EMC has traditionally partnered with hard-disk-type server makers, such as Dell, in order to optimally configure its storage arrays natively into a system project.
And although it is still working with partners on those old-school but still-strategic hard-disk-drive (HDD) integrations, EMC now has its own in-house NAND flash server maker to handle new-generation data centre setups. This is the former XtremeIO, which EMC acquired in May 2012 for about $425 million (£281m).
EMC, having changed the name of the product line to Xtrem Flash, on 5 March launched a new line of PCIe-based NAND flash server cards that accelerate application performance in a big way.
XtremSF is available in a variety of multi-level cell (eMLC) and single-level cell (SLC) capacities, Barry Ader, general manager for EMC’s Flash Business Unit, told eWEEK. It can be deployed as either direct-attached storage that sits within the server to deliver high performance, or it can be deployed in combination with EMC’s XtremSW Cache (formerly EMC VFCache) server caching software to turbocharge network storage array performance.
Josh Goldstein, XtremIO vice president of marketing and product management in EMC’s Flash Business Unit, told eWEEK: “These have been proven to deliver a record 1.13 million IOPS [input/output operations per second] in a standard form factor – which is unmatched in the industry.”

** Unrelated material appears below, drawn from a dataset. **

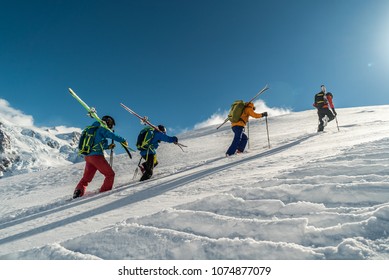 Mountaineers walking up along a snowy ridge with the skis in the backpack. Skier on the climbing track for freeride-descent. Backcountry skiers. ski free rider climbs the slope into deep snow powder. 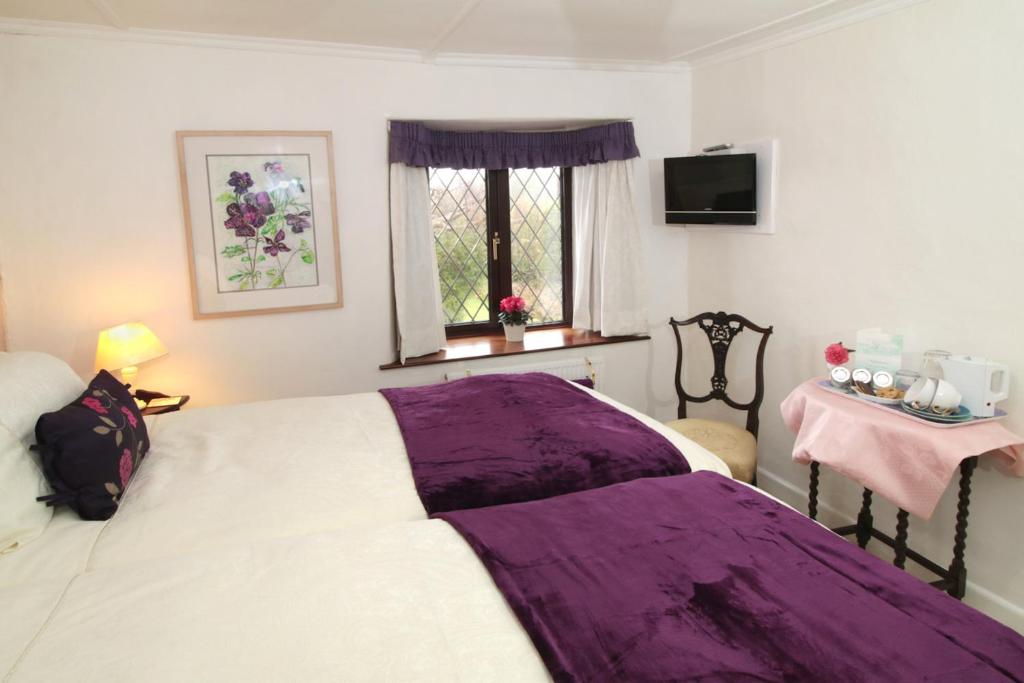 a bedroom with a bed with a purple blanket at Mellowvean in St. Agnes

All XtremSF PCIe cards, including the 2.2TB model, are standard half-height, half-length 25w size, which provide a high storage-capacity-per-footprint rate. Goldstein said that these cards use only about 50 percent of the power that standard HDDs require.
NAND-flash-based PCIe components are among the hottest-selling new items in data storage. All the major vendors – the most recent being Toshiba/Violin Memory and Seagate/Virident – have their own offerings or have partnered for them. Key PCIe manufacturers include Fusion-io, Micron, Violin Memory, LSI, STEC and Texas Memory (now owned by IBM).
Solid-state storage analyst Jim Handy of Objective Analysis told eWEEK in a forecast 18 months ago that the PCIe interface would become dominant in the enterprise SSD market in 2012, with unit shipments greater than the combined shipments of its SAS and Fibre Channel counterparts. This indeed did come to pass, and analysts expect this trend to continue up and to the right for the next few years.
Peripheral Component Interconnect Express, or PCIe, is a computer expansion-card standard based on point-to-point serial links rather than shared parallel-bus architecture. It is designed to replace the older PCI, PCI-X and AGP standards.
XtremSF 550GB and 2.2TB eMLC capacities are currently available globally, Ader said. EMC expects to make 700GB and 1.4TB capacities available on EMC price lists in the second quarter of 2013.